Mariota passed on the 2014 draft to continue pursuing goals at Oregon and hone his skills as a quarterback. He appeared on the April 23 edition of Pac-12 Networks' Football Weekly and addressed his decision to return.
The redshirt junior scintillated audiences in his first two years commanding the Ducks' high-powered offense. With another year of refinement, the sky—and the No. 1 overall pick—is the limit for Mariota.
Quarterbacks are often the first players selected. Since 2004, seven quarterbacks were taken first overall. The odds of Mariota going with that first selection are high, given that he tops many a list of draft projections for 2015 quarterbacks.
One such big board belongs to B/R NFL Draft Lead Writer Matt Miller, who labels Mariota both the best runner and best potential quarterback of the 2015 class.
Dane Brugler of CBSSports.com takes it one step further, writing: "[I]f Mariota had declared [this year], I think he would have been their [Houston Texans] No. 1 selection over Jadeveon Clowney."
Mariota may not go No. 1 overall—after all, the last two top selections were an offensive tackle and defensive end, and team oftentimes takes precedent.
Chris Burke of Sports Illustrated tabs Mariota as the No. 3 overall pick, behind Texas A&M tackle Cedric Ogbuehi and Clemson defensive end/linebacker Vic Beasley.
Mariota may not even be the first quarterback drafted. However, his place as a first-rounder appears to be as close to solidified as one can be a full year out from the draft.
Why Scouts Are High on Mariota
At 6'4", Mariota has prototypical NFL quarterback size. He came to Oregon spring practices last month at 218 pounds, with a goal weight of 220 pounds, per Andrew Greif of The Oregonian.
The near-universal praise of Mariota points to the philosophical shift in the NFL. Playing in a no-huddle, spread offense was once a negative against NFL-aspiring quarterbacks. However, the success of dual-threat quarterbacks Cam Newton, Colin Kaepernick and Russell Wilson has forced some scouts to rethink the parameters of what makes a great quarterback.
Mariota fits the new mold. He is arguably the most dynamic, multifaceted quarterback in college football, able to extend plays and create opportunities where others might not.
"He's really mobile and a heck of an athlete," one NFL scout told Pete Thamel of Sports Illustrated. "He can make all the throws and is a good leader."
Statistics only tell a part of the story, but what they do detail about Mariota speaks volumes.
His passing improvement from 2012 to 2013 only scratches the surface. Mariota showed off his delivery and field-reading ability in this month's spring game, completing 6-of-7 attempts, including two touchdowns of 22 and 45 yards.

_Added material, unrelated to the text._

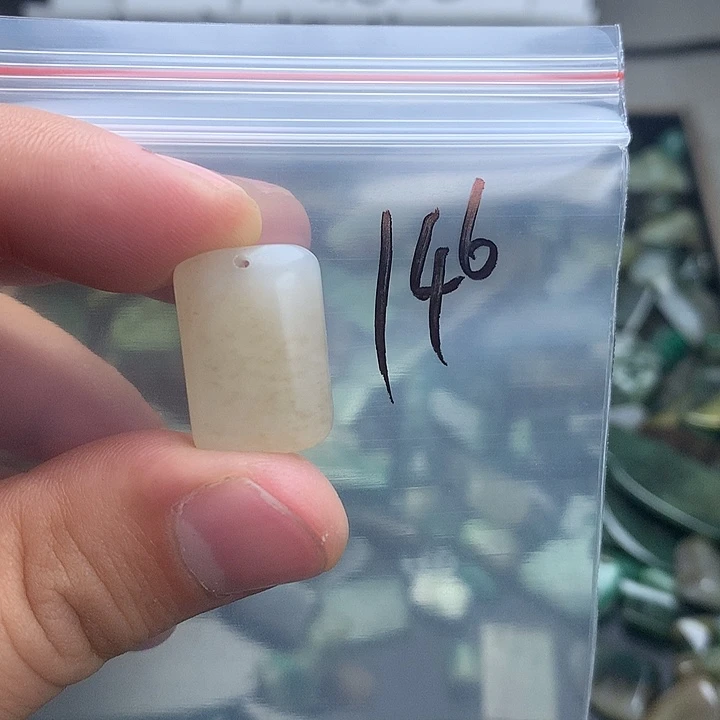 独山玉未镶嵌珠宝半成品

Mariota also connected with a variety of receivers in his limited appearance. An ability to spread the ball among numerous receivers will be a driving force in Oregon's offensive strategy this season, and Mariota's resulting production should only improve his draft standing.
Where Mariota Can Improve
"The most exciting dual-threat quarterback in the country must become more consistent," Frank Cooney of CBSSports.com writes.
Indeed, Mariota's consistency is the likely to be the one recurring critique of his NFL stock during the 2014 season—particularly, his consistency with the deep ball.
And while NFL offenses are more accommodating to dual-threat playmakers, proving his ability to run a pro style behooves Mariota.
To that end, he took some snaps from directly under center during spring practices.
"Stuff that will help me get prepared for the future," is how Mariota described it to Aaron Fentress of CSNNW.com. "Just little things that can help."